It’s not often that you hear a grown man known for scarfing down Skittles talk about how much he has grown up, but that is exactly what Marshawn Lynch credits with improving his game this season. With one game still remaining, Lynch has already established career highs in rushing yards and touchdowns and has the highest yard-per-carry average of his career. Plenty of that has had to do with the growth of the offensive line in front of him, as well as the blocking of fullback Michael Robinson, who was named a Pro Bowl alternate, but Lynch also said he has become a harder worker and better student of the game this season.

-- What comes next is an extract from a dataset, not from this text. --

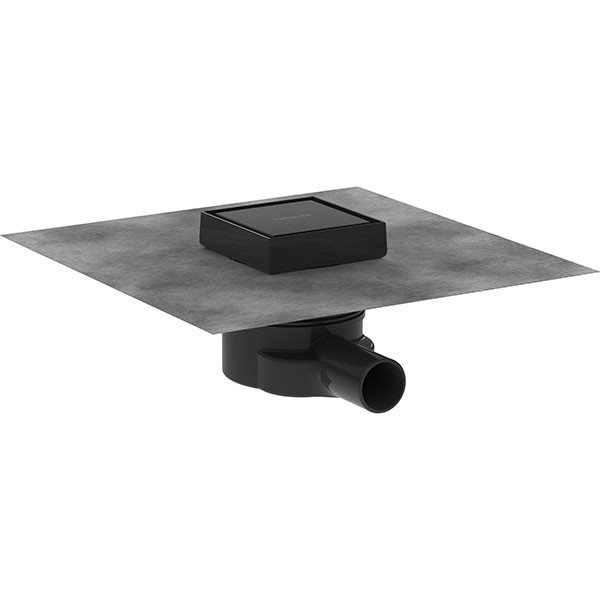 Hansgrohe RainDrain Point Komplettset Punktablauf 100/100 rückseitig befliesbar Mattschwarz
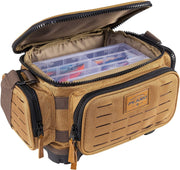 Plano Guide Series 3500 Tackle Bag, Beige, Includes 5 3500 Stowaway Organization Boxes, Premium Soft Fishing Tackle Storage, Waterproof & Non-Skid Base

“I feel I became a pro this year<" he said. "In the studying, the taking care of my body, doing the little things that I could have gotten away with when I was younger, like not stretching, just going out there.

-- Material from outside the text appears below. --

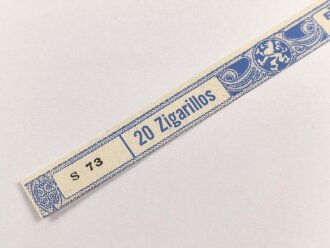 Papierbanderole für 20 Zigarillos " Für...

Lynch said watching the way Leon Washington prepares for games and takes care of his body has been a big help, as has studying the game with Robinson and Justin Forsett.
“A lot of the things I have learned, I have learned from those guys in that room,” he said.
Assistant head coach and offensive line coach Tom Cable has noticed Lynch’s dedication this year as well. One of the big reasons for the improved run game, Cable said, was Lynch’s willingness to go to the coaches and ask how he could better fit a new system.
“He came to me a few weeks back and said, ‘Help me do what the other backs have done in this thing,’” Cable said. “And we made a deal. You have to do it the way I ask you to do it, and he’s done it. A lot of credit goes to him because he was able to maybe push his ego or push his own beliefs, to some extent, aside and embrace something new. Because this is a system that asks a back to do things a certain way, and once you get in and through the line of scrimmage, then do your thing, you can do all the craziness you want then, but you’ve got to do it this way from A to B, and he bought into A to B.”